Farqued Up's picture

It's only going to get worse, the whole system is about to collapse. Always take the time to read the fine print on any investment with a bank. Example, they will sell investments for CDO's in which all of the loans in the portfolio performing as planned. No matter, they will team up with another bank as a custodian and your investment is in a tranche, or pecking order. Then they have this bunch of crooks called MARKIT evaluate the CDO pool of tranches. If your pecking order is anything but the top two tranches, the agreement calls for calling the funds in if the value drops. If MARKIT arbitrarily rates the value below a certain value, say 95%, the lower tranches go to ZERO and your investment is called with no notice or recourse. POOF!!!

In this real life example, the loans were all performing and paying interest each quarter, no matter, the pool was liquidated with the top two tranches losing nothing, collecting the interest, and proceeding as nothing ever happened.

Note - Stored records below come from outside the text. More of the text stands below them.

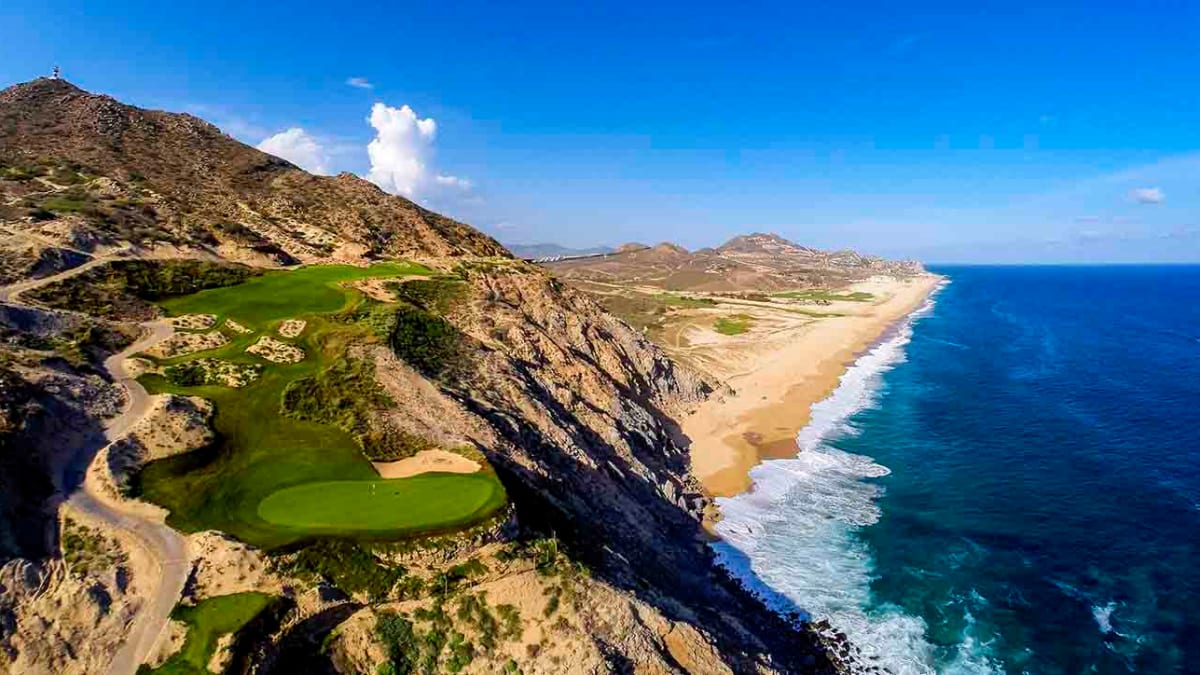 Inside The Latest SI Weekly Podcast: How a Trip to Cabo Changed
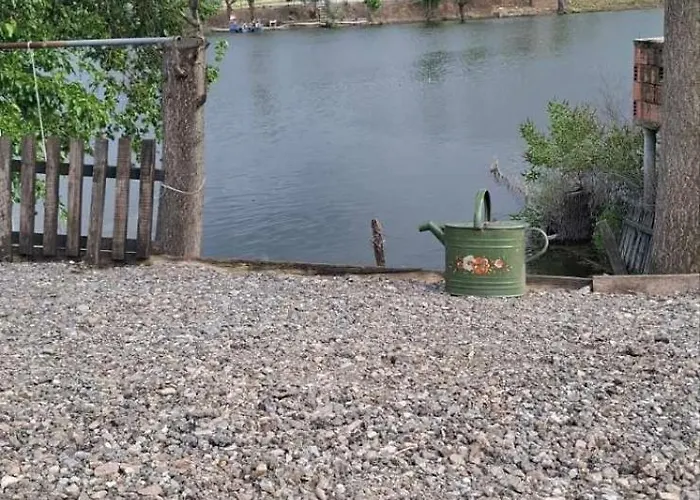 Апартаменты Jarin Raj Morovic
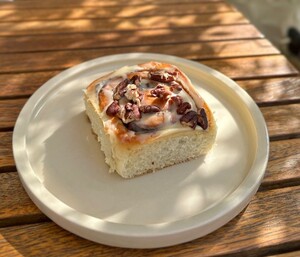 Drivu Cinnamon Roll with Pecan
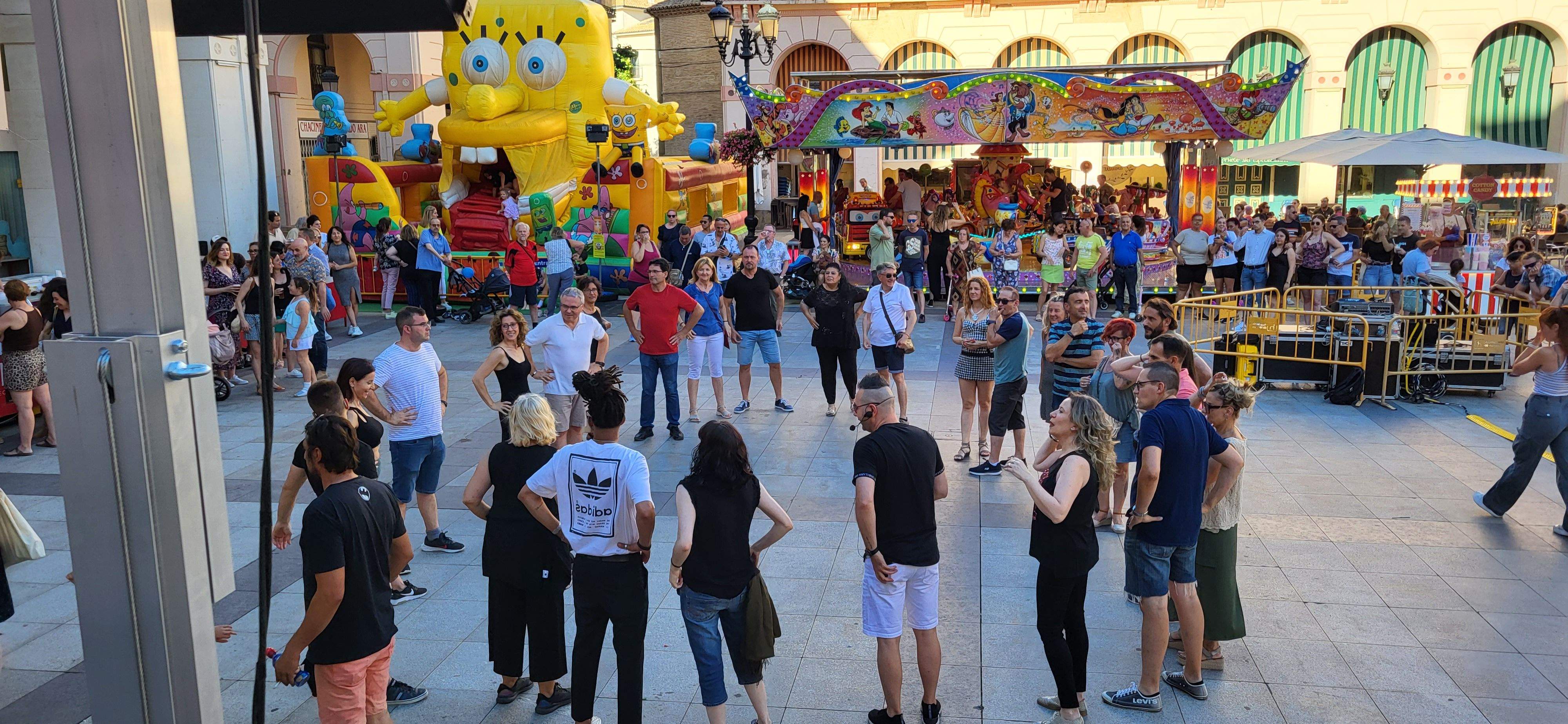 Salsa y bachata en la plaza López Allué de Huesca. Foto Myriam Martínez 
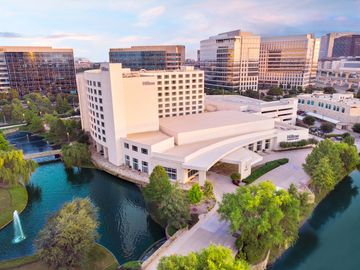 Latest HITs: Driftwood buys near Dallas; Zeal, IHG tie-up; Madrid property trades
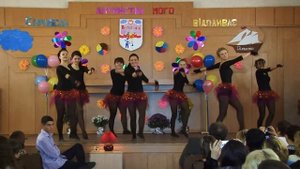 Николаевка посвящение в выпускники, танец выпускниц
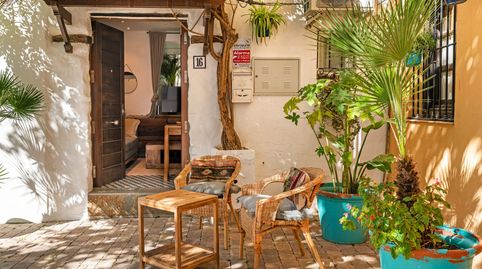 Preciosa casa mata, a 300 m de la playa, con encanto en una de las calles más emblemáticas del casco antiguo de Estepona
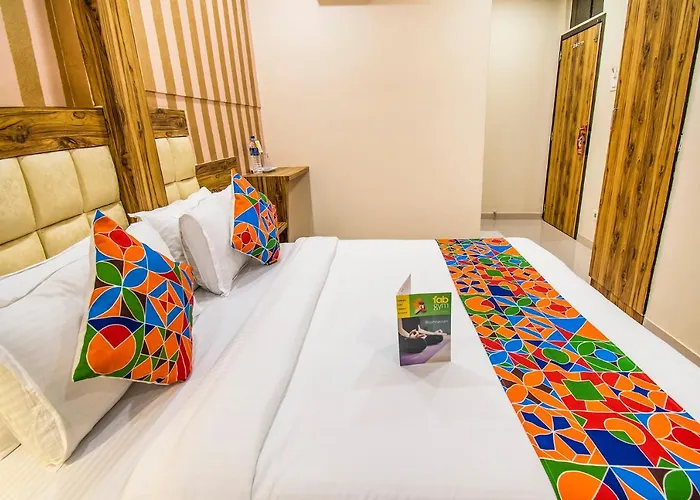 Fabexpress Orange Suites Santacruz East Mumbai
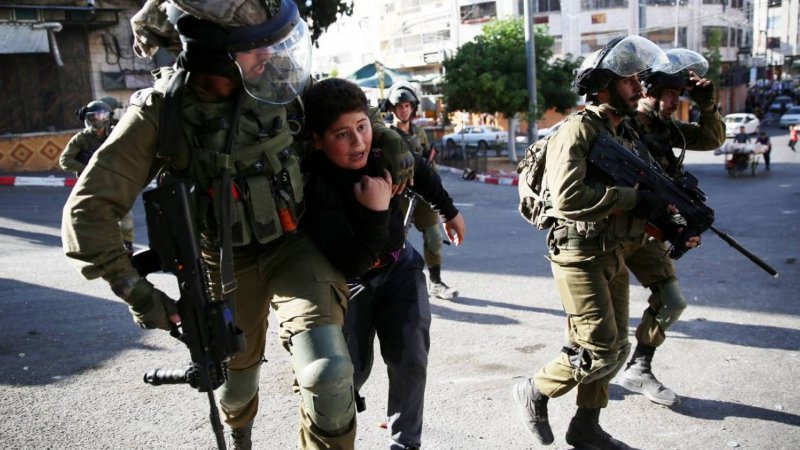 Siyonist İsrail güçleri 2'si çocuk 6 Filistinliyi gözaltına aldı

Who held the top 2 tranches? Why, the bank of course!!!! Bail ins are scaring the hell out of me. The big banks are SCUM.

konadog's picture

The insurance industry isn't too far behind the banks and the airlines. Remember AIG?  It was the center piece of the 2008 disaster. $170 billion. But the important thing is that the executives got their $165 million in bonuses so it's all ok.

Rakksan's picture

Yes, and Massachusetts has an Insurance Commissioner appointed by the Governor, approved by the BIG Insurance Companies in Boston. Look at the skyline for identities.

SilvaDolla's picture

No shit. The other day, the balance in my checking account was $12.45...then the monthly "maintenance fee" of $10 came out

In Soviet America, banks robs you.

Rakksan's picture

Get smart! Join a Credit Union.

Whodathunkit's picture

How about those foreign exchange fees. Let me understand this: banks wanted to be able to have offices in countries around the world so they could compete. Ergo they work with all the worlds major currencies yet they charge me a percentage of my transaction should I attempt to transact in a foreign currency. FUCKERS DIE

logang's picture

Let's not forget that our system of banking - fractional reserve banking - was invented by Jewish counterfeiters in the Middle Ages. They covertly privatized money creation. Today, an international Jewish mafia has America and a lot of other countries by the throat.

logang's picture

Let's not forget that our system of banking - fractional reserve banking - was invented by Jewish counterfeiters in the Middle Ages. They covertly privatized money creation. Today, an international Jewish mafia has America and a lot of other countries by the throat.